A Minneapolis man on Thursday was sentenced to prison for joining the mob of Donald Trump supporters who stormed the U.S. Capitol on Jan. 6, 2021, and temporarily disrupted Congress as it worked to certify the 2020 presidential election.
Brian C. Mock, 45, was sentenced in U.S. District Court for the District of Columbia to two years and nine months after he was found guilty of all 11 charges following a bench trial in July.
Mock was charged with assaulting law enforcement officers during the insurrection, which saw supporters of the former president rioting as they denied the validity of his loss to Joe Biden.
Mock, a landscape company owner and former debt collector, was arrested in Minneapolis in June 2021. He had asked Chief Judge James Boasberg for leniency. “I’m not someone who showed up in tactical gear, with Tasers and bear spray. It’s a moment that I got caught up in,” he said.
Prosecutors said video showed Mock committed four assaults during the violence outside the Capitol. They said he threw a broken flag pole at a line of police and after pushing down two officers, tried to kick one of them.
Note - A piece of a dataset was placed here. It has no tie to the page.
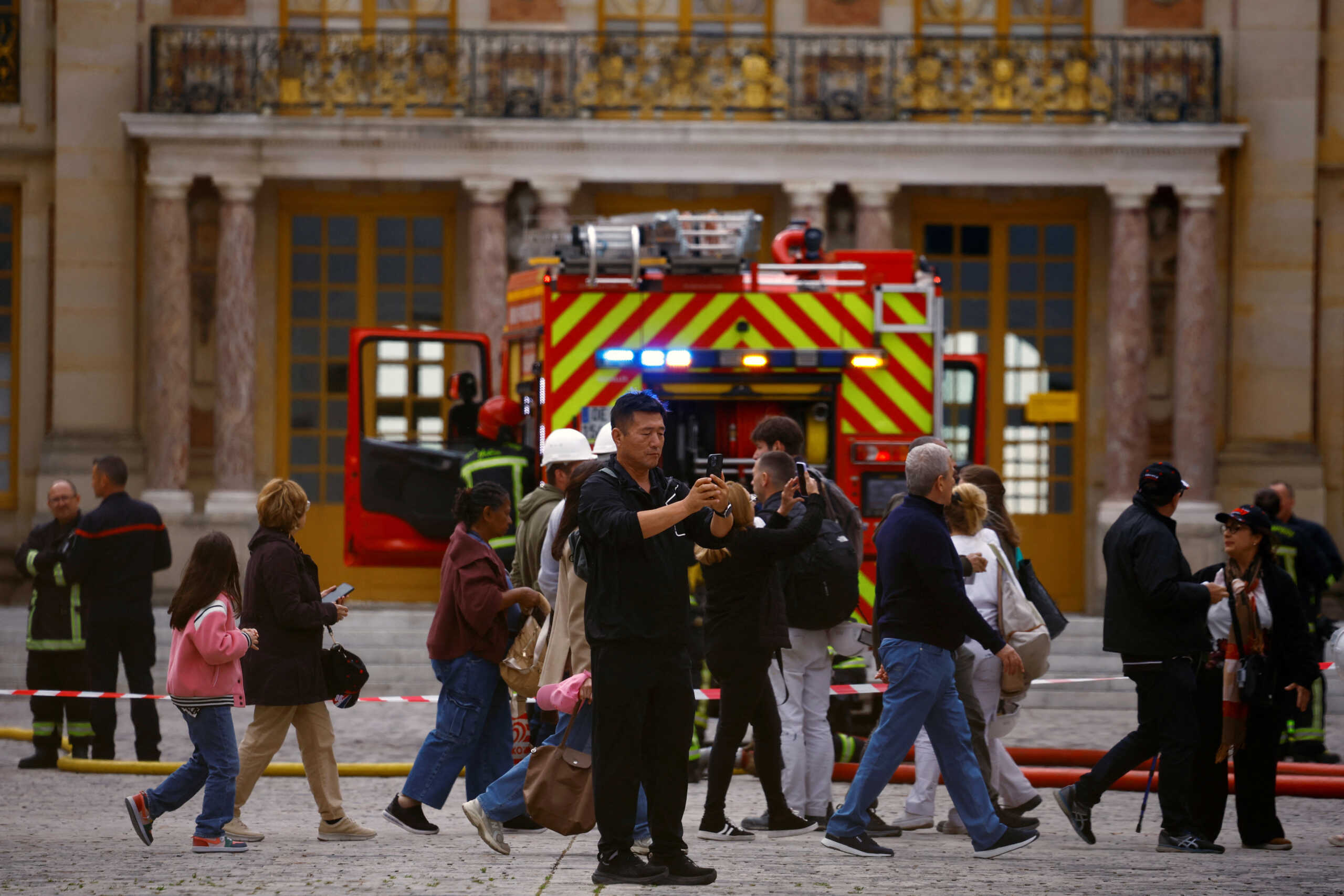 Visitors take pictures as French firefighters work after a fire broke out at the Chateau de Versailles forcing the site's evacuation, but was swiftly brought under control, in Versailles, near Paris, France, June 11, 2024. REUTERS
They said Mock shoved another officer in the back.
He was also charged with taking two police riot shields and obstructing an official proceeding.
Boasberg said Mock came to the nation’s capital expecting violence, “so it’s hard to think you came simply as a bystander.”
In a pre-sentencing filing, prosecutors pressed the judge for a prison sentence of slightly more than nine years.